**Records for this task**
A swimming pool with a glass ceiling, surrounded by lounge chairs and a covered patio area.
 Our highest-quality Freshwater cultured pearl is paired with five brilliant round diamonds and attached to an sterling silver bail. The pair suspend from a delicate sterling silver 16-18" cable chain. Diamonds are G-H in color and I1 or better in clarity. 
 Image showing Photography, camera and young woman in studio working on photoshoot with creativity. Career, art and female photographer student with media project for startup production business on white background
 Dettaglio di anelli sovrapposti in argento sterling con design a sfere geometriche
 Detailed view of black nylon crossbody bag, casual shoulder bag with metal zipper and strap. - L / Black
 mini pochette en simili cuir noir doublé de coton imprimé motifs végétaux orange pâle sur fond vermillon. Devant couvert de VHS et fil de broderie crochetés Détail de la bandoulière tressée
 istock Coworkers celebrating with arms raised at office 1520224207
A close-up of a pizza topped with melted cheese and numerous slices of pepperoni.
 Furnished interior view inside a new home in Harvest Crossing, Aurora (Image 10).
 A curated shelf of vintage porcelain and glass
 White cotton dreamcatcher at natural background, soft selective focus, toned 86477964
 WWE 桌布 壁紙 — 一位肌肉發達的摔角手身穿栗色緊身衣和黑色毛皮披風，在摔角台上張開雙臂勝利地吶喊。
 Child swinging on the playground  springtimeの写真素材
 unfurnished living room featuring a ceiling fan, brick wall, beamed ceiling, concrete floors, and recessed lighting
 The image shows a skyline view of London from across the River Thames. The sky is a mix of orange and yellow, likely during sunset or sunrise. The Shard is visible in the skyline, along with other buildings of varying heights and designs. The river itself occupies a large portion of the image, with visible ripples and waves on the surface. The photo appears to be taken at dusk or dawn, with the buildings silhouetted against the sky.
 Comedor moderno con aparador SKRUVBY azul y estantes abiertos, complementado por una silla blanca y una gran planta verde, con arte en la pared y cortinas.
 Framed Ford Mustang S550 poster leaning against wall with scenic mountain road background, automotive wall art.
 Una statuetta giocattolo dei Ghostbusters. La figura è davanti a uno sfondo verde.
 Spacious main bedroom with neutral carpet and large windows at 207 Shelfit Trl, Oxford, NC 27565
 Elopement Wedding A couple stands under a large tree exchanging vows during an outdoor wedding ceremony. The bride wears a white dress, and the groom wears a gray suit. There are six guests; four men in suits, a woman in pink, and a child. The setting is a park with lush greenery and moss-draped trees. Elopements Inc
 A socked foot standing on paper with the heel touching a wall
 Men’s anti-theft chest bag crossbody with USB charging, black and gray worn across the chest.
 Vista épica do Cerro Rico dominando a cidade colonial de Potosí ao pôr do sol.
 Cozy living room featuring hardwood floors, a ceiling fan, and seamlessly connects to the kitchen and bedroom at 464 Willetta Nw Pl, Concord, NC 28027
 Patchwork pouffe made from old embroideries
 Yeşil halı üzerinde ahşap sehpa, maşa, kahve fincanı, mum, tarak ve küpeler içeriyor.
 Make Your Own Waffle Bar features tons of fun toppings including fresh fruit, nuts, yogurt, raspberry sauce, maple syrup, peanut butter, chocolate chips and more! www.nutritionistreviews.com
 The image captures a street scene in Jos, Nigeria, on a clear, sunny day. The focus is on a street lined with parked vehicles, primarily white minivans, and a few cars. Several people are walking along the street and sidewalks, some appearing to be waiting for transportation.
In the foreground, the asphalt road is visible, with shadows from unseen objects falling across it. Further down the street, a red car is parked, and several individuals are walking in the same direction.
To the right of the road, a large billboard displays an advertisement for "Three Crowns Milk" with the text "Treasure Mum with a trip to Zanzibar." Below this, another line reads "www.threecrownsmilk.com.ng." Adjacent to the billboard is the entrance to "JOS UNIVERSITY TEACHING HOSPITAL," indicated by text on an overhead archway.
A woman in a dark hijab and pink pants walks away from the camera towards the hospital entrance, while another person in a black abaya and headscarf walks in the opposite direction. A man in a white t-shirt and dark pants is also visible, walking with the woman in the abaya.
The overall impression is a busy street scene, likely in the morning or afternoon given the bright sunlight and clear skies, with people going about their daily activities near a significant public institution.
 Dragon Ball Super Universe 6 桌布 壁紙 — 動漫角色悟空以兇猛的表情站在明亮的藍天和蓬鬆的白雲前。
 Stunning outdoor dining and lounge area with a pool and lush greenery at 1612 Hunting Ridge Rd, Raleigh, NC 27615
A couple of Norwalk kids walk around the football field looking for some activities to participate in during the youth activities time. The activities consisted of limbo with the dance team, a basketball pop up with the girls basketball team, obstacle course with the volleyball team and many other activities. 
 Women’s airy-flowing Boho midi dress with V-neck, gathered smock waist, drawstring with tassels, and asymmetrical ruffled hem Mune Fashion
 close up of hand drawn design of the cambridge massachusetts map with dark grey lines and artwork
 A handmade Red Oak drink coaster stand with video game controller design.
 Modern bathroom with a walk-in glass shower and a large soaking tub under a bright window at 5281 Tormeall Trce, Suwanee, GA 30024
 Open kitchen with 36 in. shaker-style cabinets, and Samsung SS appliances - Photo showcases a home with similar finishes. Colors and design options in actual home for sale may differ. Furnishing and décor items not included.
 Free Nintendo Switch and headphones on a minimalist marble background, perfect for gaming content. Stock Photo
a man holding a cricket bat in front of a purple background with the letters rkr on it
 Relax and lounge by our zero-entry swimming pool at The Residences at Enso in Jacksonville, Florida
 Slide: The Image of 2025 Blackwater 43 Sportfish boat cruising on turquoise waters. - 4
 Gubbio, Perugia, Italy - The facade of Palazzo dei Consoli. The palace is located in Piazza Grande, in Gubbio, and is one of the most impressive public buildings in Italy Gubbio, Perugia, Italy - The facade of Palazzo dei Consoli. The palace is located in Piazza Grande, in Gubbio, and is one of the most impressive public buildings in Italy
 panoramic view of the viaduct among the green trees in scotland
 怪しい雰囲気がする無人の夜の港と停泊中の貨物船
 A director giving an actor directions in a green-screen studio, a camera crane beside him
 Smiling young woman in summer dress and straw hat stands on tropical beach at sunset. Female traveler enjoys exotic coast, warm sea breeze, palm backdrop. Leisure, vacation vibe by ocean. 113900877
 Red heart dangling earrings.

**Task**
What you return should be exactly the lines above, starting at the one with "A handmade Red" and ending at the one with "Free Nintendo Switch", and nothing else.

**Written reply**
 A handmade Red Oak drink coaster stand with video game controller design.
 Modern bathroom with a walk-in glass shower and a large soaking tub under a bright window at 5281 Tormeall Trce, Suwanee, GA 30024
 Open kitchen with 36 in. shaker-style cabinets, and Samsung SS appliances - Photo showcases a home with similar finishes. Colors and design options in actual home for sale may differ. Furnishing and décor items not included.
 Free Nintendo Switch and headphones on a minimalist marble background, perfect for gaming content. Stock Photo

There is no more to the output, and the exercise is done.